2023 Winning Scholarship Essay: Assistive Technology Devices
By Esther Kim, Winner of the 2023 YuJa Scholarship Essay Contest
My younger brother Joseph couldn’t talk properly until he was seven years old. Joseph was diagnosed with autism, an intellectual disability and mild cerebral palsy.
He worked hard with his speech therapist every session while his school would try to teach him American Sign Language. Another professional worked with Joseph on an iPad to use as an assistive technology device. It is a miracle sent from heaven that Joseph is able to talk now, almost to a fault, where he never stops talking to make up for his years lost in nonverbal communication.
Although Joseph is able to communicate with his voice, many of his peers are nonverbal and have to use similar devices to communicate their thoughts, wants, and feelings. Many nonverbal individuals with autism face significant challenges in expressing themselves verbally, hindering their ability to interact and communicate effectively.
I myself am studying to become an occupational therapist where I will work with many people in this situation, and have already worked with numerous individuals through volunteer opportunities who use iPads to communicate. Assistive technology devices have emerged as valuable tools to support individuals with autism in overcoming these barriers.

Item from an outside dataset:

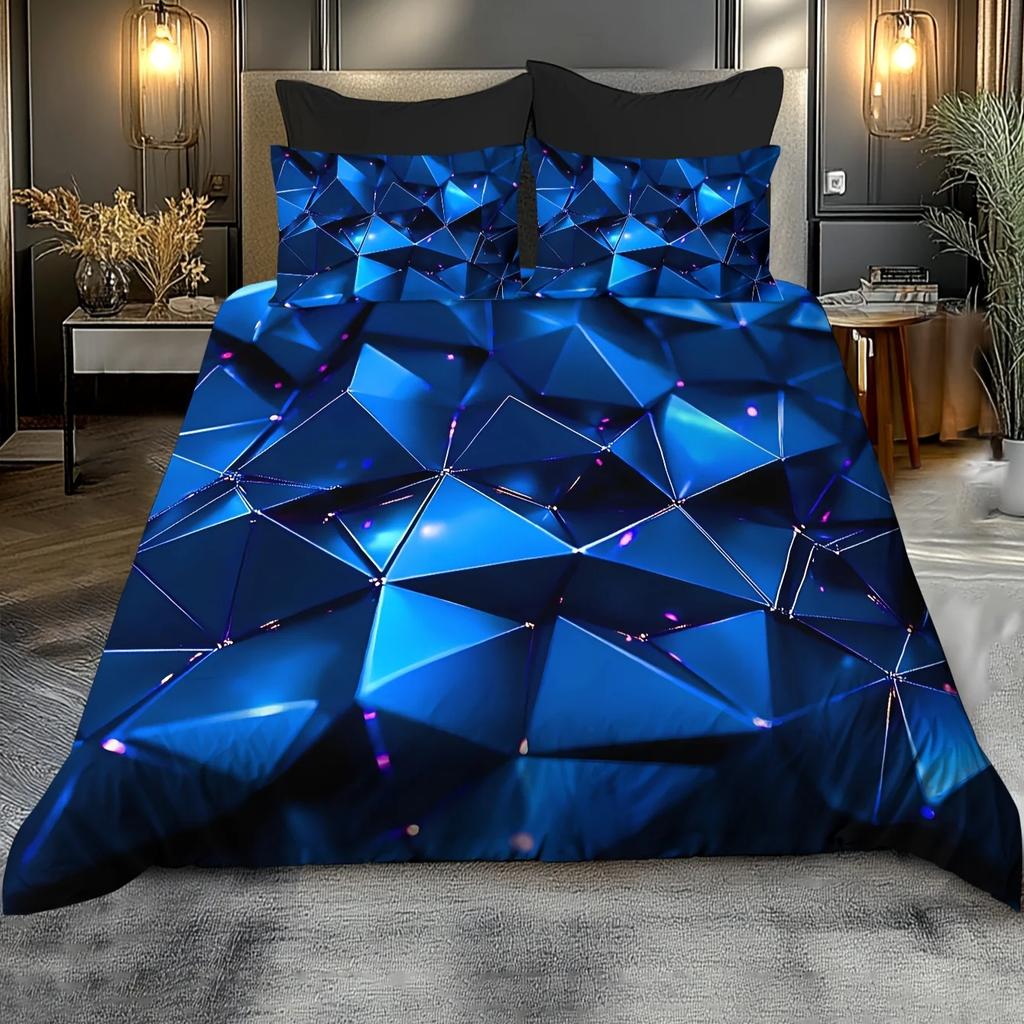 3Pcs Breathable Geometric Pattern Duvet Cover Set, All Season Machine Washable Bedding with Pillowcases Home Decor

After familiarizing myself with these communication devices, I have drawn conclusions to its many pros and cons. One beautiful aspect I have grown to appreciate is the way assistive technology devices play a crucial role in facilitating communication for nonverbal individuals with autism. I’ve worked with many individuals through their limited ASL, which I am also on the journey of learning for my future patients, but it simply is not as practical because the majority of the population is not fluent in ASL. Augmentative and alternative communication (AAC) systems, such as speech-generating devices and picture exchange communication systems, allow individuals to express their thoughts, needs, and desires effectively.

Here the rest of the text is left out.